However, this is actually a _benign_ race that the programmer intentionally
allows for performance reasons. The reason this code is safe is that the
programmer knows that `askNetworkIfShouldShowFeature()` will always return the
same value in the same run of the app. Adding synchronization would remove the
race, but acquiring/releasing locks and lock contention would potentially slow
down every call to `shouldShowFeature()`. The benign race approach makes every
call after the first fast without changing the safety of the code.
RacerD will report a race on this code by default, but adding the
`@Functional annotation to askNetworkIfShouldShowFeature()` informs RacerD that
the function is always expected to return the same value. This assumption allows
RacerD to understand that this particular code is safe, though it will still
(correctly) warn if `mShouldShowFeature` is read/written elsewhere.
Be sure not to use the `@Functional` pattern for _singleton instantiation_, as
it's possible the "singleton" can be constructed more than once.
```
public class MySingleton {
private static sInstance;
// Not @Functional
public MySingleton getInstance() {
if (sInstance == null) {
// Different threads may construct their own instances.
sInstance == new MySingleton();
}
return sInstance;
}
}
```
### `@ReturnsOwnership`
RacerD does not warn on unprotected writes to _owned_ objects.
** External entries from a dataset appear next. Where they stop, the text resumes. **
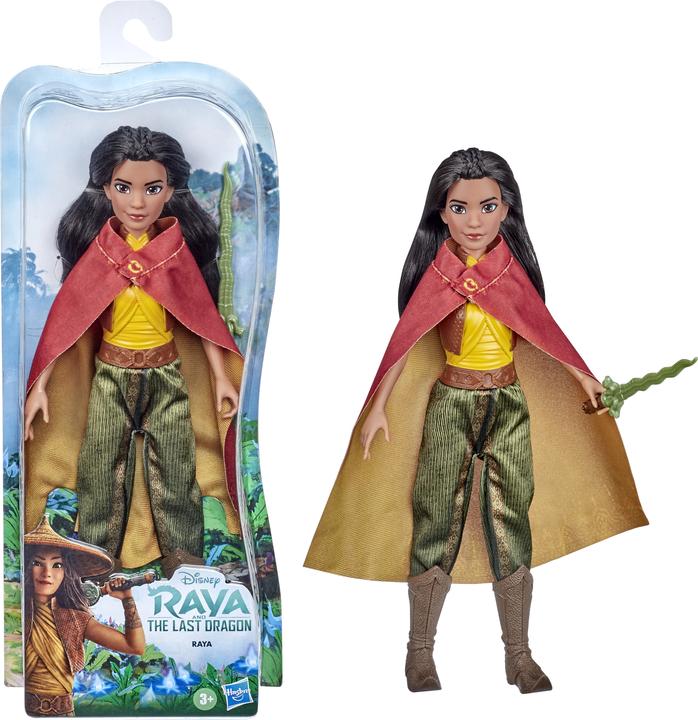 Image du produit Disney Princess Raya et le dernier dragon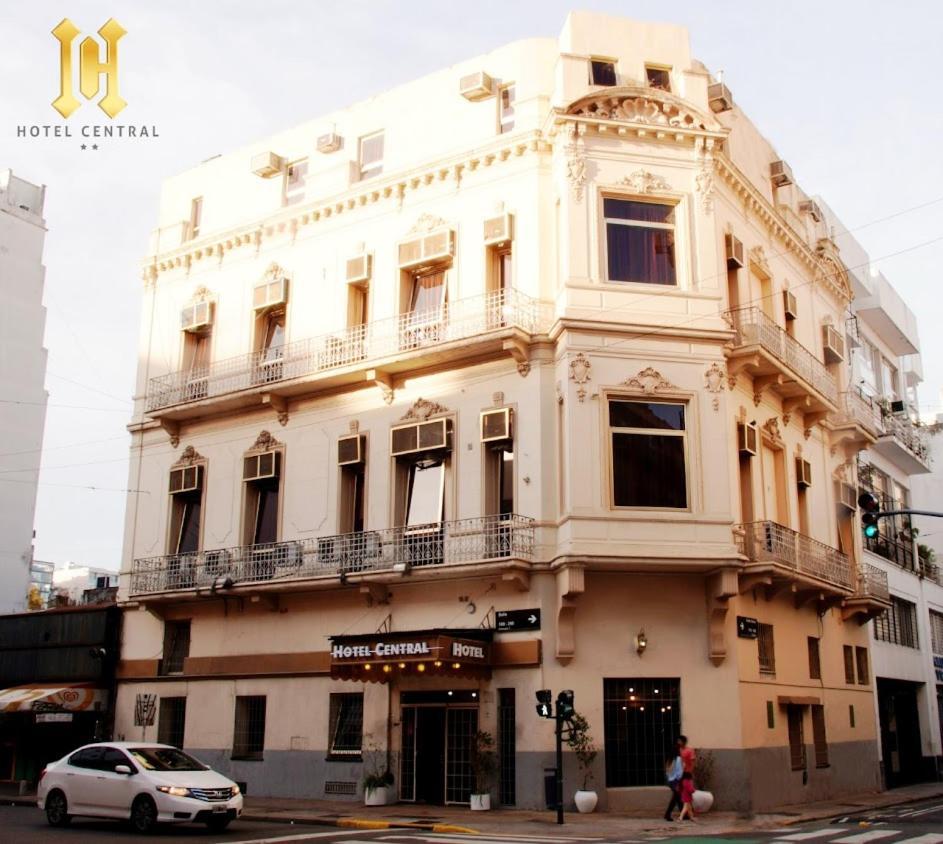 Hotel Central Μπουένος Άιρες Εξωτερικό φωτογραφία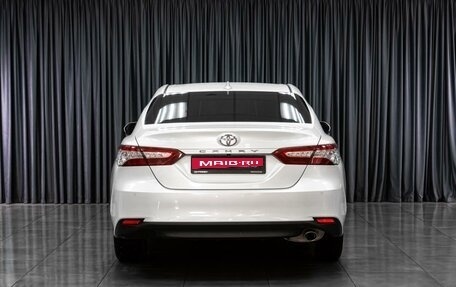 Toyota Camry, 2021 год, 3 049 000 рублей, 4 фотография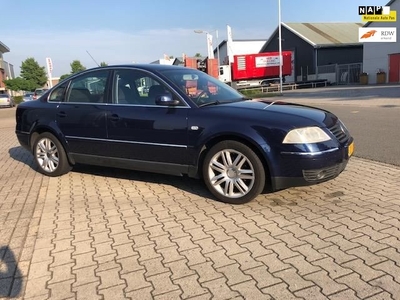 Volkswagen Passat 2.0-20V Arctic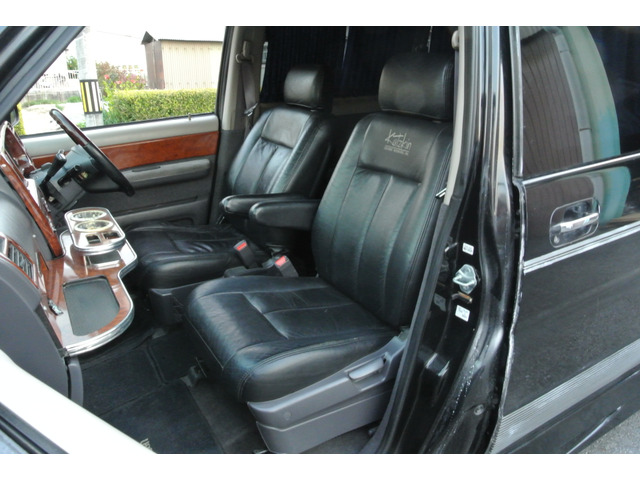 中古車 ホンダ ステップワゴン メーカー特装車ハイルーフ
An object is
owned if it has been freshly allocated in the current thread and has not escaped
to another thread. RacerDf automatically tracks ownership in most cases, but it
needs help with `abstract` and `interface` methods that return ownership:
```
@ThreadSafe
public interface Car {
@ReturnsOwnership abstract Car buyCar();
void carsStuff() {
Car myCar = new Car();
myCar.wheels = 4; // RacerD won't warn here because it knows myCar is owned
Car otherCar = buyCar();
otherCar.wheels = 3; // RacerD would normally warn here, but won't because of the `@ReturnsOwnership` annotation
}
}
```
### `@VisibleForTesting`
RacerD reports races between any two non`-private` methods of a class that may
run in a concurrent context. Sometimes, a RacerD report may be false because one
of the methods cannot actually be called from outside the current class. One fix
is making the method `private` to enforce this, but this might break unit tests
that need to call the method in order to test it. In this case, the
`@VisibleForTesting` annotation will allow RacerD to consider the method as
effectively `private` will still allowing it to be called from the unit test:
```
@VisibleForTesting void setF() {
this.f = ...; // RacerD would normally warn here, but @VisibleForTesting will silence the warning
}
synchronized void setFWithLock() {
setF();
}
```
Unlike the other annotations shown here, this one lives in
[Android](https://developer.android.com/reference/android/support/annotation/VisibleForTesting.html).
## Interprocedural Reasoning
An important feature of RacerD is that it finds races by analyzing not just one
file or class, but by looking at memory accesses that occur after going through
several procedure calls. It handles this even between classes and between files.
Here is a very basic example
```
@ThreadSafe
class A{
void m1(B bb) {
bb.meth_write();
}
}
class B{
Integer x;
void meth_write() {
x = 88;
}
}
```
Class `B` is not annotated `@ThreadSafe` and does not have any locks, so RacerD
does not directly look for threading issues there. However, method `m1()` in
class `A` has a potential self-race, if it is run in parallel with itself and
the same argument for each call. RacerD discovers this.
```
InterProc.java:17: error: THREAD_SAFETY_VIOLATION
Unprotected write. Non-private method `A.m1` indirectly writes to field `&this.B.x` outside of synchronization.
Reporting because the current class is annotated `@ThreadSafe`, so we assume that this method can run in
parallel with other non-private methods in the class (incuding itself).
15.
16. void m1(B bb) {
17. > bb.meth_write();
18. }
19. }
```
RacerD does this sort of reasoning using what is known as a _compositional
inteprocedural analysis_. There, each method is analyzed independently of its
context to produce a summary of the behaviour of the procedure. In this case the
summaries for `m1()' and`meth()' include information as follows.
```
Procedure: void A.m1(B)
Accesses: { Unprotected({ 1 }) -> { Write to &bb.B.x at void B.meth_write() at line 17 } }
Procedure: void B.meth_write()
Accesses { Unprotected({ 0 }) -> { Write to &this.B.x at at line 25 } }
```
The descriptions here are cryptic and do not include all the information in the
summaries, but the main point is that you can use RacerD to look for races in
codebases where the mutations done by threads might occur only after a chain of
procedure calls.
## Context and Selected Related Work
Reasoning about concurrency divides into bug detection and proving absence of
bugs. RacerD is on the detection side of reasoning.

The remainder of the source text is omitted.